Recently I’ve been trying to get along with school and all the coursework and settling into a new environment. So I wasn’t putting much effort into reading papers, which I used to enjoy. But this week was different. I found a paper that pulled me back in: DeepSeek OCR. It’s a peculiar paper in a good way. I like DeepSeek’s papers: they’re thorough and open, they don’t hide things from researchers.

I think its findings are very much aligned with the Bitter Lesson.

Key Takeaways

The core takeaway from the paper is that using a vision encoder to process documents as images they were able to achieve ten times more efficiency than using text tokens. In other words, it’s vastly more efficient to screenshot a document and feed it to a large language model than to paste the raw text, with little to no loss in performance.

But this isn’t entirely new. About a year ago, when Gemini 2.5 Pro came out, I was playing with it in Google AI Studio. I pasted a document and compared it to drag‑and‑drop upload. The full text token count was much larger than the image‑based upload. They were converting files to images and counting vision tokens. So they already kind of knew this.

Also, I don’t know about ChatGPT, but for a long time, Anthropic’s Claude seemed to feed uploaded documents as images, not parsed text, from their webpage. They must have tested it and green‑lit it because it was more feasible and efficient.

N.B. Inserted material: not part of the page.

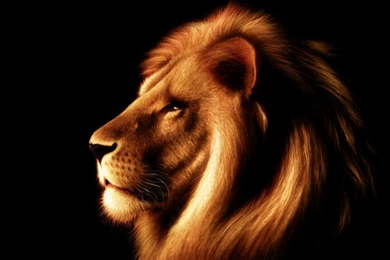 LEO THE LION WALLPAPER   (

Where does vision stop and language begin?

This also reminded me of a 2020 Lex Fridman conversation with Ilya Sutskever:

Ilya Sutskever: Where does vision stop and language begin? … You have a vision system, you say it’s the best human‑level vision system, I open a book and show you letters: will it understand how these letters form into words and sentences and meaning? Is this part of the vision problem?

Lex Fridman: Thats an really interesting question… One possibility is that it’s impossible to achieve really deep understanding in either images or language without basically using the same kind of system, so you’re going to get the other for free…
Ilya Sutskever: A lot of it depends on your definitions of perfect vision: because really, you know, reading is vision. but should it count?

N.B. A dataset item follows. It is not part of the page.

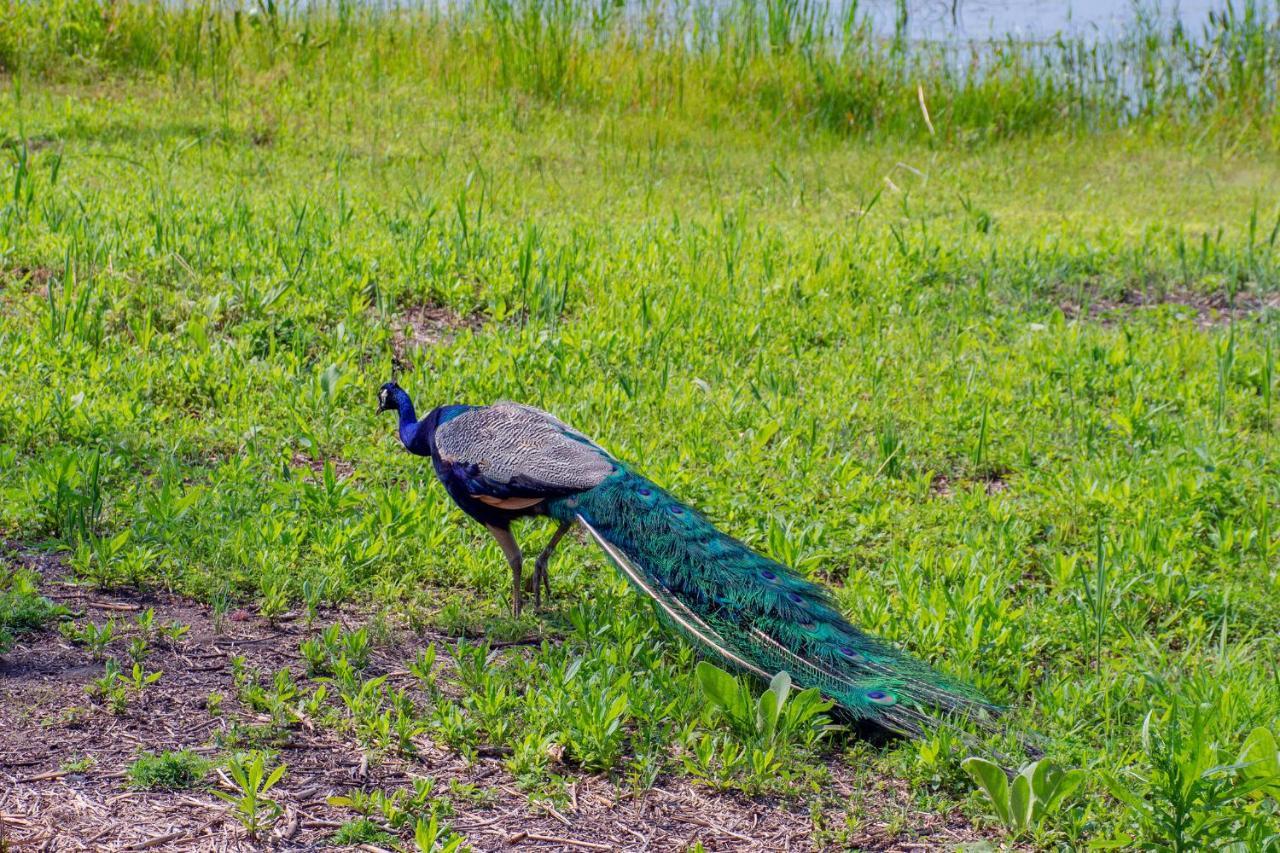 Lakeview & Wildlife Au Gres Екстериор снимка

I emphasize again: this was recorded in 2020. Five years is a long time in this field. But still, when I think of this converstation, there is a lot of food for thought.

My opinion: vision precedes language here; or said differently, for documents, language sits inside vision. If you can see the page, you can get the language. Starting from text alone can’t recover layout, typography, figures, or spatial structure. All that subtle rich signals are lost when you flatten the document into text. It’s not just about efficiency, it’s about the nature of the task.

Bitter Lesson vibes

This feels like the Bitter Lesson again. Methods that scale win. Text is one‑dimensional and throws away structure; you end up with fragile pipelines. Vision is two‑dimensional and more general. If we want to be more Bitter‑Lesson‑aligned and pursue methods that scale, language tasks will increasingly be subsumed by vision tasks for documents. Looking at human modality: we have five senses. There is no “text modality.” What we do for “natural language processing” in our brains, the modality is auditory and vision. For text, it’s purely vision.

Twenty years ago, to take notes people have to type and store strings. Today, if I want to copy a whiteboard or an announcement in a classroom, everybody takes pictures. Nobody writes it down. It’s more general. I think the same thing will happen with language models. Twenty years from now, god knows how we’ll interact with AI models, but we’ll probably do the equivalent of taking pictures of text for much more capable models, and look back at “paste-the-whole-document-as-text-language-models” as quaint.

Final thoughts

I think we’re getting the answer Ilya hinted at back in 2020. Where does vision stop and language begin? For documents, language lives inside vision. DeepSeek OCR is interesting not because it invents a new modality, but because it treats the obvious with rigor: for documents, seeing beats parsing. Once you accept that, a lot of design choices get simpler.

The fact that labs like Anthropic have long defaulted to image‑based document uploads suggests they already tested this and know it’s more feasible and efficient. It makes you wonder how much frontier models already know, and how far ahead they are.